Perhelatan konferensi tahunan terkait perubahan iklim secara simultan direncanakan akan berlangsung di Lima, Peru pada akhir tahun 2014 ini dan akan dikonkretkan pada akhir tahun 2015 di Paris, Perancis.
Salah satu hal penting yang dibicarakan adalah keterlibatan aktif dari para negara berkembang dengan pemilik hutan besar dalam upaya mitigasi emisi secara lebih konkret dan terukur.
Delegasi Republik Indonesia (Delri) sebagai salah satu delegasi negara yang aktif dalam rangka memberikan komitmen, dituntut untuk dapat lebih berpartisipasi secara nyata dalam upaya mitigasi emisi.
Tak tanggung-tanggung kali ini paling tidak tercatat 6 proposal diajukan oleh Delri dalam pertemuan Conference Of the Parties (COP) di Peru akhir tahun 2014; yaitu Sustainable Transport Programme senilai 31 juta Euro, Smart Street Lighting Initiativesenilai 294 juta dollar Amerika Serikat, Vertically Integrated Municipal Solid Waste senilai 10 juta Euro, Cement senilai 2,063 juta Euro, Community Forest Partnership for Wood Biomass Based Energy senilai 198 juta dollar Amerika Serikat dan Debottlenecking Project Finance for Least Cost Renewables in Indonesia senilai 200 juta Euro.
Keseluruhan proposal ini akan diajukan oleh Delri melalui mekanisme National Appropriate Mitigation Actions (NAMA’s), sebuah mekanisme yang sama pada saat Indonesia pertama kali mencatatkan komitmen mitigasi emisi di tahun 2009 pada forum G-20.
Namun berbagai proposal tersebut terlihat janggal saat komitmen sebelumnya yang diajukan oleh Pemerintah Indonesia yaitu mitigasi emisi secara umum, belum juga membuahkan hasil nyata dan dapat dipertanggungjawabkan secara utuh.

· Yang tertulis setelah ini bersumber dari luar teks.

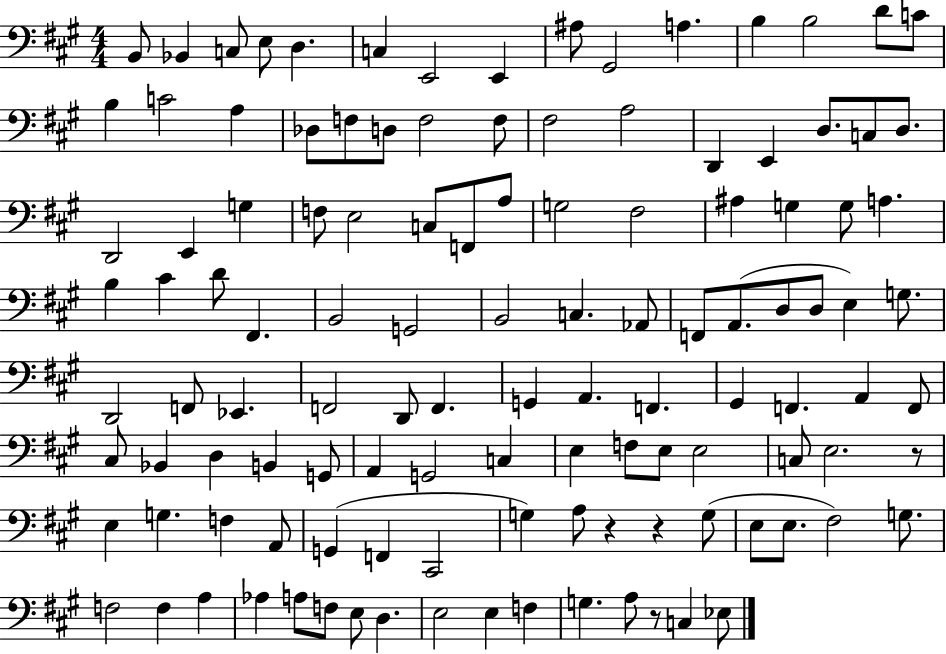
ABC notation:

X:1
T:Untitled
M:4/4
L:1/4
K:A
B,,/2 _B,, C,/2 E,/2 D, C, E,,2 E,, ^A,/2 ^G,,2 A, B, B,2 D/2 C/2 B, C2 A, _D,/2 F,/2 D,/2 F,2 F,/2 ^F,2 A,2 D,, E,, D,/2 C,/2 D,/2 D,,2 E,, G, F,/2 E,2 C,/2 F,,/2 A,/2 G,2 ^F,2 ^A, G, G,/2 A, B, ^C D/2 ^F,, B,,2 G,,2 B,,2 C, _A,,/2 F,,/2 A,,/2 D,/2 D,/2 E, G,/2 D,,2 F,,/2 _E,, F,,2 D,,/2 F,, G,, A,, F,, ^G,, F,, A,, F,,/2 ^C,/2 _B,, D, B,, G,,/2 A,, G,,2 C, E, F,/2 E,/2 E,2 C,/2 E,2 z/2 E, G, F, A,,/2 G,, F,, ^C,,2 G, A,/2 z z G,/2 E,/2 E,/2 ^F,2 G,/2 F,2 F, A, _A, A,/2 F,/2 E,/2 D, E,2 E, F, G, A,/2 z/2 C, _E,/2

Bahkan beberapa komitmen tercederai dengan fakta yang menunjukkan hasil sebaliknya pada tataran implementasi, misal terkait peningkatan titik api dan laju deforestasi yang menyentuh titik maksimal pada tahun 2013 memberikan kesan buruk terhadap janji yang telah dicatatkan dan mengikat pada sumber hukum internasional tersebut.

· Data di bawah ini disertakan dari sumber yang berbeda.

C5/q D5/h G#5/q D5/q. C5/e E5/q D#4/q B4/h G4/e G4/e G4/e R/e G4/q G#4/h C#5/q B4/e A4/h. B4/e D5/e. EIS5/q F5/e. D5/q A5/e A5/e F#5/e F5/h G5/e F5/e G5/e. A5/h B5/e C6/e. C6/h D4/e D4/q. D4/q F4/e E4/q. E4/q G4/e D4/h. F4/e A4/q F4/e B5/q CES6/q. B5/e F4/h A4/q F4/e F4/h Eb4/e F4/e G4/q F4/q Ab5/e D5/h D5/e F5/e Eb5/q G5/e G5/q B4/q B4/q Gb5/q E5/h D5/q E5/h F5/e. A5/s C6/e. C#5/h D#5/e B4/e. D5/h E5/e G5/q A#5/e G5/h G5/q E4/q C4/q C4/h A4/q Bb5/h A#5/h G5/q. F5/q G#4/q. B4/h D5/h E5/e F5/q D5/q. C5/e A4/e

Komitmen dalam kerangka hukum bukan hanya berisi janji dan berada pada ruang hampa semata, namun menuntut adanya realisasi dalam bentuk nyata serta menimbulkan tanggung jawab secara norma dan implementasi.
Proses Lahirnya Komitmen
Sedari awal, rezim perubahan iklim telah membantu dengan melakukan identifikasi beberapa kontributor emisi besar di dunia dan memposisikan mereka sebagai negara-negara yang berkewajiban untuk mengambil langkah mitigasi dengan segera dan terukur.
Walaupun dalam praktiknya kerap kali negara-negara tersebut enggan untuk melakukan ratifikasi dengan langkah hukum pada tataran nasional mereka namun konstruksi ini telah mendudukkan aktor utama yang patut dan wajib diminta pertanggungjawaban terhadap kondisi kerusakan iklim yang terjadi.
Sepanjang perjalanan dari rezim penanggulangan perubahan iklim dan merujuk pada sumber komitmen yang dihasilkan, paling tidak terdapat 2 asal dari komitmen yang hadir yaitu pendekatan berbasis sebuah peraturan internasional seperti yang diusung dalam Protokol Kyoto atau yang lebih dikenal dengan model top-down.
Kedua adalah model dengan basis inisiatif dari negara yang memang sebelumnya tidak terikat kewajiban apapun terkait dengan tindakan tertentu atau yang dikenal dengan pendekatan bottom-up seperti yang diberikan wadah pada mekanisme National Appropriate Mitigation Actions (NAMA’s).